In the middle of a small traditional market, there are two sets of railway lines on which vendors sell their wares. They slowly move their carts when a train approaches, and after it has passed they put their carts back on the track. Old, dented cabs and decaying buses form a long line on the track. People walk at a leisurely pace between the cars. In this place, everything that moves, moves slowly. This is Alexandria, in Egypt, where the past and the present are intertwined and both face enormous pressures from the future.
The Bibliotheca Alexandrina is located here. I wanted to visit Alexandria during my first trip to Egypt because of this library. The Bibliotheca Alexandrina was built to commemorate the ancient Royal Library of Alexandria. It was the world’s first library, built in 290 B.C., during the reign of Ptolemy I. The old library used to have 800,000 pieces, including work from the ancient worlds of east and west and records written on papyrus, but it was entirely destroyed during the Muslim conquest in 645.
The Library of Alexandria was the center of the academic world and the birthplace of Hellenism.
To revive the spirit of the old library took decades of research, planning and construction. The new building opened some 1,700 years after the destruction of its ancient predecessor.
Before I arrived there, I always had a dreamy image of the Library of Alexandria. However, when I visited the new library, I was surprised to find a modern building of overwhelming size. As Egyptian once worshiped Osiris, the sun god, I was told that the entrance to the library symbolizes the sun rising from the Mediterranean.
On the granite wall near the entrance there are engravings of many letters and symbols from many countries.
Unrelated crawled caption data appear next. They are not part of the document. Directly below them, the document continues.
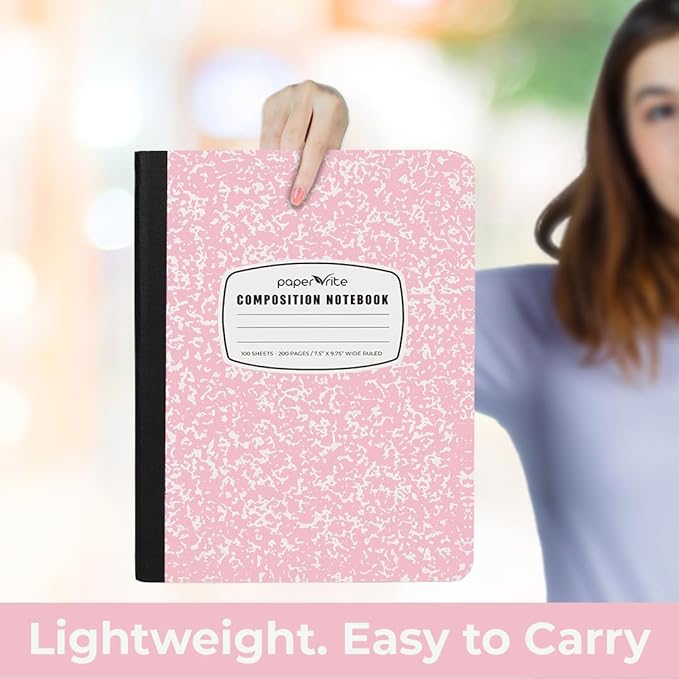 Assorted Marble Composition Notebook Wide Ruled (9.75x7.5 in), 100 Sheets | 200 Pages | For School, Office, Students, Teachers (1, Light Pink)
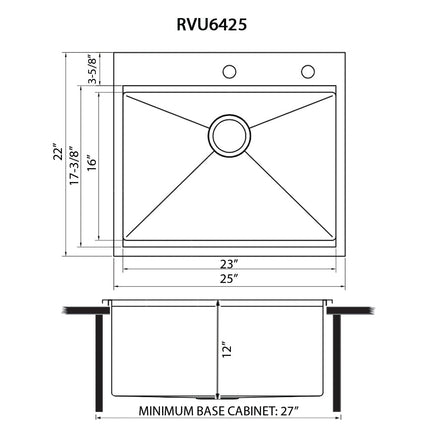 Ruvati 25 x 22 x 12 inch Drop-in Topmount Laundry Utility Workstation Sink 16 Gauge Stainless Steel - RVU6425 Ruvati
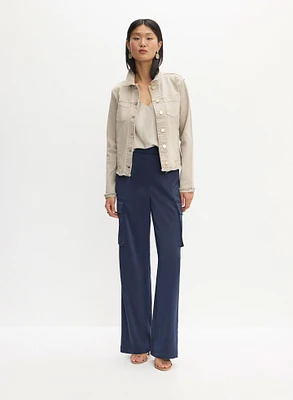 Veste en jean et pantalon cargo en satin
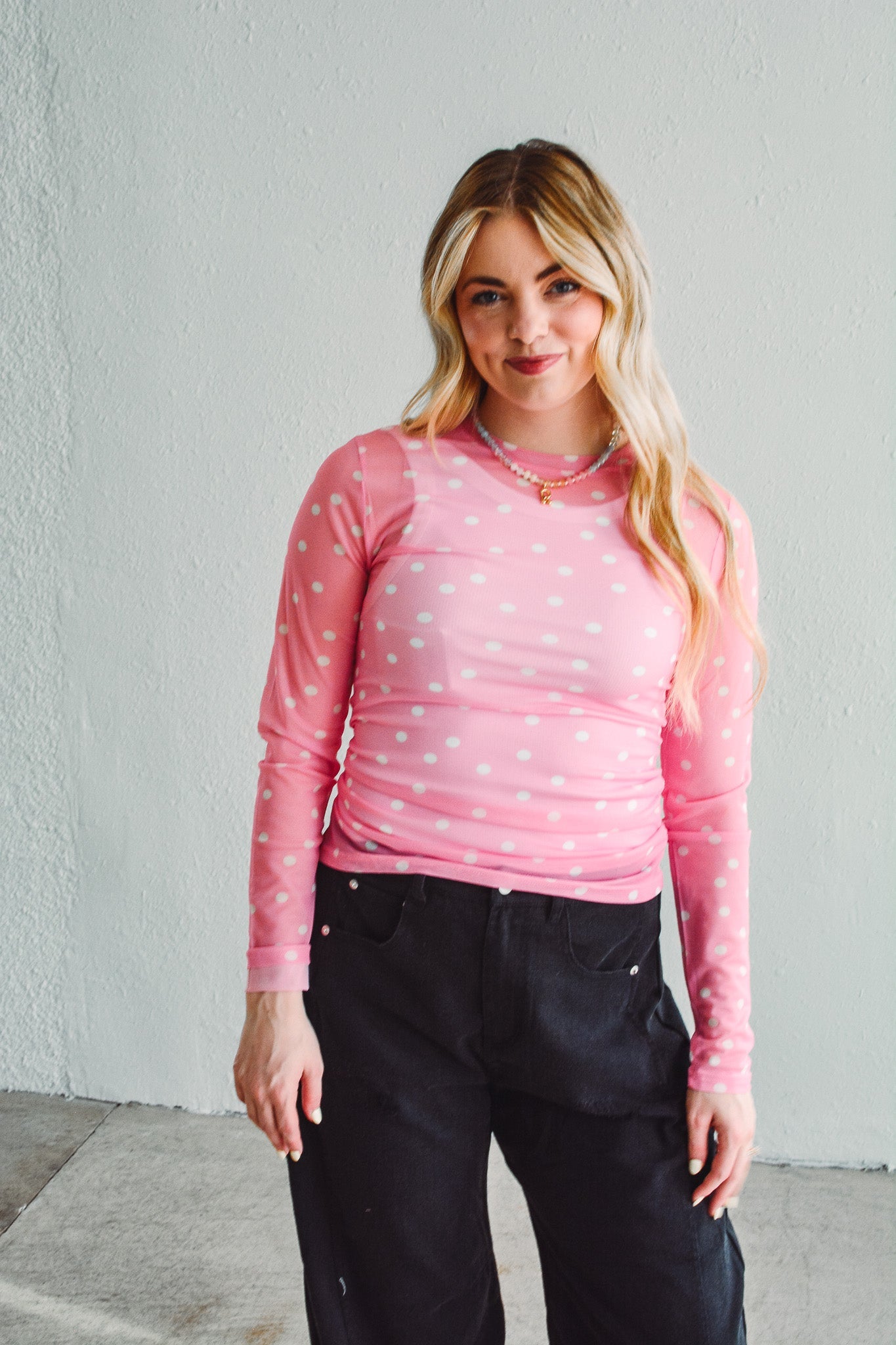 Pink Dotted Mesh Top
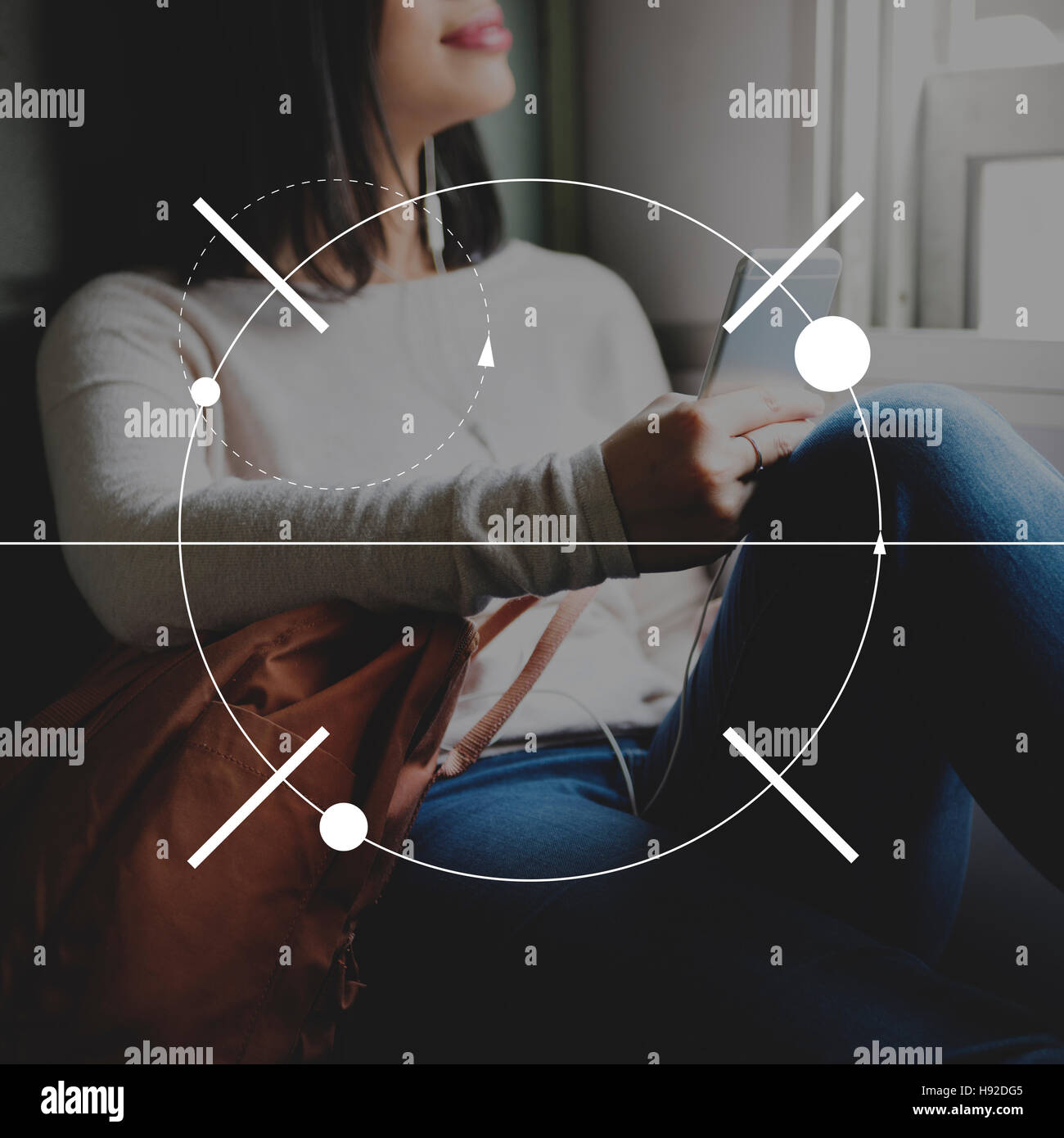 Bella Donna Icona del viaggio il concetto di simbolo Foto Stock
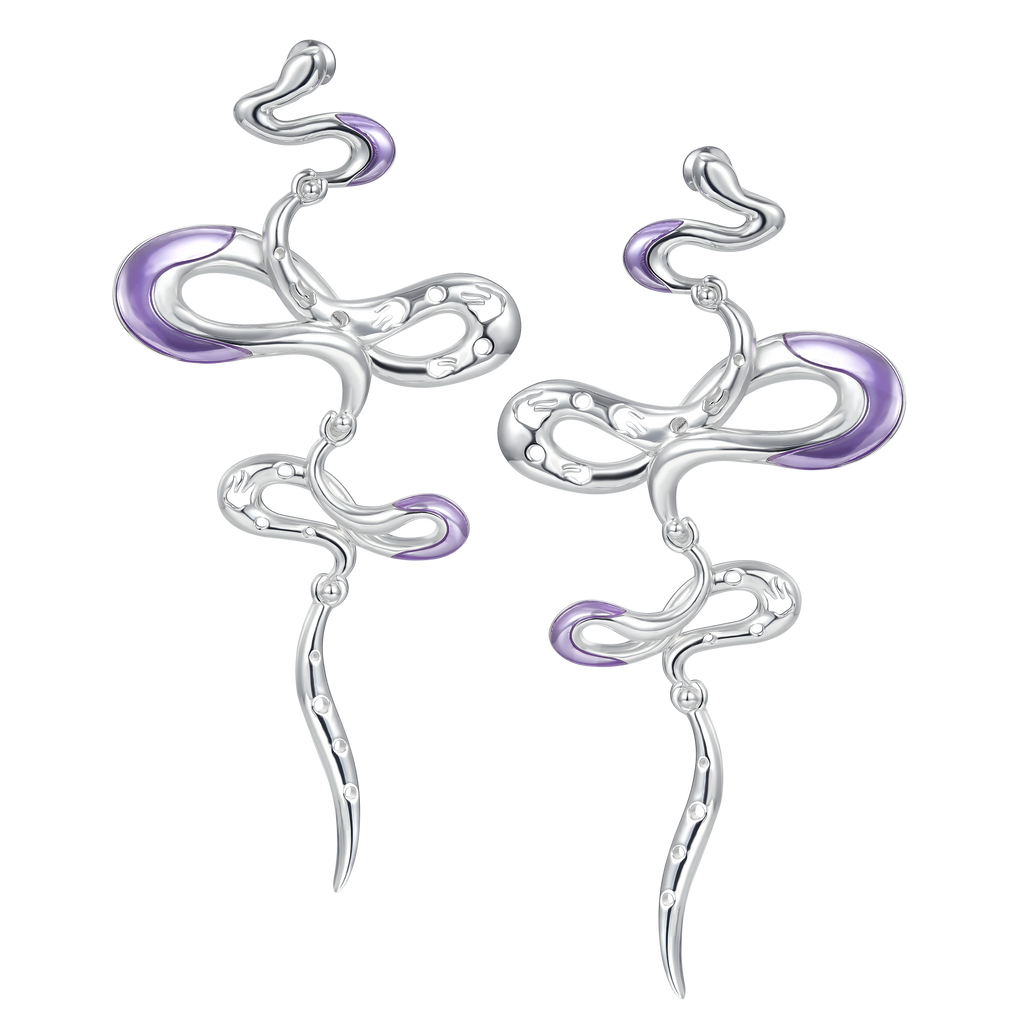 Twin Fairy Serpent Drop Earring – Violet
On the left side of the wall I saw some Korean script, which made me very happy.
The goal of the Bibliotheca Alexandrina is to have books from all the nations on Earth. I entered the building and found a computer. I wanted to search for books published by my company before looking around. I typed the name of my company but nothing came up. I was a little perplexed so I typed the name of another Korean publisher which has a longer history than mine. The result was the same. Zero.
I couldn’t believe it. This time, I tried to find the key word “Korea” on the toolbar. There were many other countries, including China and Japan, but Korea was not on the list.
My hopes had diminished to almost nothing, so I then entered just the word “Korea” and pushed the enter button. At last! Two books popped up. One was a tour guide about Korea and the other was about the 2002 FIFA World Cup.
It struck me that this is the grim reality of Korea’s academic world and publishing industry. Because of this realization, I felt depressed while I looked around the library.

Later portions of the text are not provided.